_Directions:_ Please return every record exactly as it appears.

• • • •

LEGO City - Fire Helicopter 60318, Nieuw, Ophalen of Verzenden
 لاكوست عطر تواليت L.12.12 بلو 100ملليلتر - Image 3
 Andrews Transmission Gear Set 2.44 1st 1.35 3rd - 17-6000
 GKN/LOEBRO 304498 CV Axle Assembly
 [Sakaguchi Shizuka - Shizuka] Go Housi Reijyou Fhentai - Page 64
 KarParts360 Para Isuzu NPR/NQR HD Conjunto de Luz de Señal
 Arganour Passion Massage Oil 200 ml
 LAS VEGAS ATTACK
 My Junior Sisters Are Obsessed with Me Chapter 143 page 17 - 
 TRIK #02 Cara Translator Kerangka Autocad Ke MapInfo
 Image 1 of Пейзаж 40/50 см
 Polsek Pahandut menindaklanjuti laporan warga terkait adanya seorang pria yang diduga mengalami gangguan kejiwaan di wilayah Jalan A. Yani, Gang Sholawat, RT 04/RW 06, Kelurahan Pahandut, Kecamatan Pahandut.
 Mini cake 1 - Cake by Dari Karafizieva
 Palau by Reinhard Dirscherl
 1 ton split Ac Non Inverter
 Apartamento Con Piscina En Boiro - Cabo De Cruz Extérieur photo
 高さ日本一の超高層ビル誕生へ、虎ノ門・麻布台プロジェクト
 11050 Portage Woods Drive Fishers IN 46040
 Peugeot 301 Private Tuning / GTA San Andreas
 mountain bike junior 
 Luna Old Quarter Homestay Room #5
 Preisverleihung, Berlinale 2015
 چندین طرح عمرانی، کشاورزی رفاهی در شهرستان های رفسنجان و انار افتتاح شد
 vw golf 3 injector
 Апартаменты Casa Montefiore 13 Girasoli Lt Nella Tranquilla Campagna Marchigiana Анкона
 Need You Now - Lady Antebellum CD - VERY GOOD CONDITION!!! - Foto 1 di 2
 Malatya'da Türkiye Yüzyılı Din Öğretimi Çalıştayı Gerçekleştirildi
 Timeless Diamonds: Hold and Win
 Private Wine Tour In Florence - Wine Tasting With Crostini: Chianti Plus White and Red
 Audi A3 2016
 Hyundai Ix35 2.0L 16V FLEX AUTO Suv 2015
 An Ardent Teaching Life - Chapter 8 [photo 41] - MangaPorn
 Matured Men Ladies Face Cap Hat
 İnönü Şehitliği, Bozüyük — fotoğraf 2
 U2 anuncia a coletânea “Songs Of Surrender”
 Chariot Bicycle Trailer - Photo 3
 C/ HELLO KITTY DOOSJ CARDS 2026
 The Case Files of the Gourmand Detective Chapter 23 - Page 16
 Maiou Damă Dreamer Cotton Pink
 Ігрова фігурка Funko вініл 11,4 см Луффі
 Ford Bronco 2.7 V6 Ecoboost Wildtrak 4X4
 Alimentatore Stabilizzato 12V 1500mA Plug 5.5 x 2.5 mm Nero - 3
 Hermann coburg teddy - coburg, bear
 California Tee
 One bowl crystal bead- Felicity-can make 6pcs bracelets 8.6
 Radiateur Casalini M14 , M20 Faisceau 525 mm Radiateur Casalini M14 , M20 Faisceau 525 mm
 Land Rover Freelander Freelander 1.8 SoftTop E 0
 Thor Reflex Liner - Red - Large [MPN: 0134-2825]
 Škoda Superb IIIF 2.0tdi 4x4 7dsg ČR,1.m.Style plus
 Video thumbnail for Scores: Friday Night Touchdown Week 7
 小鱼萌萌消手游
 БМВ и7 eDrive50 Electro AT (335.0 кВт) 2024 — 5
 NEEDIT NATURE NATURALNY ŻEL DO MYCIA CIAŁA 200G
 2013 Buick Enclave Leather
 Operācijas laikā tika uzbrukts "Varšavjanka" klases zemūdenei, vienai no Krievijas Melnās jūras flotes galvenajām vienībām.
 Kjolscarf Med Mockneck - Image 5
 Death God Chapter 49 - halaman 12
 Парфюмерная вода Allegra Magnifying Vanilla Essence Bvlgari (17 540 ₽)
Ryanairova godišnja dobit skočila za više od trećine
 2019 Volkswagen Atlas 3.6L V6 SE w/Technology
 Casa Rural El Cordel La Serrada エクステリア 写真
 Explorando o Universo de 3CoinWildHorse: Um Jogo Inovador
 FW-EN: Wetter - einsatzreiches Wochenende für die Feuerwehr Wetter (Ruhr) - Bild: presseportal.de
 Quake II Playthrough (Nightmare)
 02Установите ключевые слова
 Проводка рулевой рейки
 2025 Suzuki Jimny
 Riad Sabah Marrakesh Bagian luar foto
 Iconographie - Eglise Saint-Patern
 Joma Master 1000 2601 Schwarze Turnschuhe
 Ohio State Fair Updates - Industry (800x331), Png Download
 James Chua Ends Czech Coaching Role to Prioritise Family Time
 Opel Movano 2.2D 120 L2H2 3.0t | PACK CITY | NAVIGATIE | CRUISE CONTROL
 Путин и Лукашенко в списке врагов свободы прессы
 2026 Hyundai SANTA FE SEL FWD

• • • •

_Answer to this exercise:_
LEGO City - Fire Helicopter 60318, Nieuw, Ophalen of Verzenden
 لاكوست عطر تواليت L.12.12 بلو 100ملليلتر - Image 3
 Andrews Transmission Gear Set 2.44 1st 1.35 3rd - 17-6000
 GKN/LOEBRO 304498 CV Axle Assembly
 [Sakaguchi Shizuka - Shizuka] Go Housi Reijyou Fhentai - Page 64
 KarParts360 Para Isuzu NPR/NQR HD Conjunto de Luz de Señal
 Arganour Passion Massage Oil 200 ml
 LAS VEGAS ATTACK
 My Junior Sisters Are Obsessed with Me Chapter 143 page 17 - 
 TRIK #02 Cara Translator Kerangka Autocad Ke MapInfo
 Image 1 of Пейзаж 40/50 см
 Polsek Pahandut menindaklanjuti laporan warga terkait adanya seorang pria yang diduga mengalami gangguan kejiwaan di wilayah Jalan A. Yani, Gang Sholawat, RT 04/RW 06, Kelurahan Pahandut, Kecamatan Pahandut.
 Mini cake 1 - Cake by Dari Karafizieva
 Palau by Reinhard Dirscherl
 1 ton split Ac Non Inverter
 Apartamento Con Piscina En Boiro - Cabo De Cruz Extérieur photo
 高さ日本一の超高層ビル誕生へ、虎ノ門・麻布台プロジェクト
 11050 Portage Woods Drive Fishers IN 46040
 Peugeot 301 Private Tuning / GTA San Andreas
 mountain bike junior 
 Luna Old Quarter Homestay Room #5
 Preisverleihung, Berlinale 2015
 چندین طرح عمرانی، کشاورزی رفاهی در شهرستان های رفسنجان و انار افتتاح شد
 vw golf 3 injector
 Апартаменты Casa Montefiore 13 Girasoli Lt Nella Tranquilla Campagna Marchigiana Анкона
 Need You Now - Lady Antebellum CD - VERY GOOD CONDITION!!! - Foto 1 di 2
 Malatya'da Türkiye Yüzyılı Din Öğretimi Çalıştayı Gerçekleştirildi
 Timeless Diamonds: Hold and Win
 Private Wine Tour In Florence - Wine Tasting With Crostini: Chianti Plus White and Red
 Audi A3 2016
 Hyundai Ix35 2.0L 16V FLEX AUTO Suv 2015
 An Ardent Teaching Life - Chapter 8 [photo 41] - MangaPorn
 Matured Men Ladies Face Cap Hat
 İnönü Şehitliği, Bozüyük — fotoğraf 2
 U2 anuncia a coletânea “Songs Of Surrender”
 Chariot Bicycle Trailer - Photo 3
 C/ HELLO KITTY DOOSJ CARDS 2026
 The Case Files of the Gourmand Detective Chapter 23 - Page 16
 Maiou Damă Dreamer Cotton Pink
 Ігрова фігурка Funko вініл 11,4 см Луффі
 Ford Bronco 2.7 V6 Ecoboost Wildtrak 4X4
 Alimentatore Stabilizzato 12V 1500mA Plug 5.5 x 2.5 mm Nero - 3
 Hermann coburg teddy - coburg, bear
 California Tee
 One bowl crystal bead- Felicity-can make 6pcs bracelets 8.6
 Radiateur Casalini M14 , M20 Faisceau 525 mm Radiateur Casalini M14 , M20 Faisceau 525 mm
 Land Rover Freelander Freelander 1.8 SoftTop E 0
 Thor Reflex Liner - Red - Large [MPN: 0134-2825]
 Škoda Superb IIIF 2.0tdi 4x4 7dsg ČR,1.m.Style plus
 Video thumbnail for Scores: Friday Night Touchdown Week 7
 小鱼萌萌消手游
 БМВ и7 eDrive50 Electro AT (335.0 кВт) 2024 — 5
 NEEDIT NATURE NATURALNY ŻEL DO MYCIA CIAŁA 200G
 2013 Buick Enclave Leather
 Operācijas laikā tika uzbrukts "Varšavjanka" klases zemūdenei, vienai no Krievijas Melnās jūras flotes galvenajām vienībām.
 Kjolscarf Med Mockneck - Image 5
 Death God Chapter 49 - halaman 12
 Парфюмерная вода Allegra Magnifying Vanilla Essence Bvlgari (17 540 ₽)
Ryanairova godišnja dobit skočila za više od trećine
 2019 Volkswagen Atlas 3.6L V6 SE w/Technology
 Casa Rural El Cordel La Serrada エクステリア 写真
 Explorando o Universo de 3CoinWildHorse: Um Jogo Inovador
 FW-EN: Wetter - einsatzreiches Wochenende für die Feuerwehr Wetter (Ruhr) - Bild: presseportal.de
 Quake II Playthrough (Nightmare)
 02Установите ключевые слова
 Проводка рулевой рейки
 2025 Suzuki Jimny
 Riad Sabah Marrakesh Bagian luar foto
 Iconographie - Eglise Saint-Patern
 Joma Master 1000 2601 Schwarze Turnschuhe
 Ohio State Fair Updates - Industry (800x331), Png Download
 James Chua Ends Czech Coaching Role to Prioritise Family Time
 Opel Movano 2.2D 120 L2H2 3.0t | PACK CITY | NAVIGATIE | CRUISE CONTROL
 Путин и Лукашенко в списке врагов свободы прессы
 2026 Hyundai SANTA FE SEL FWD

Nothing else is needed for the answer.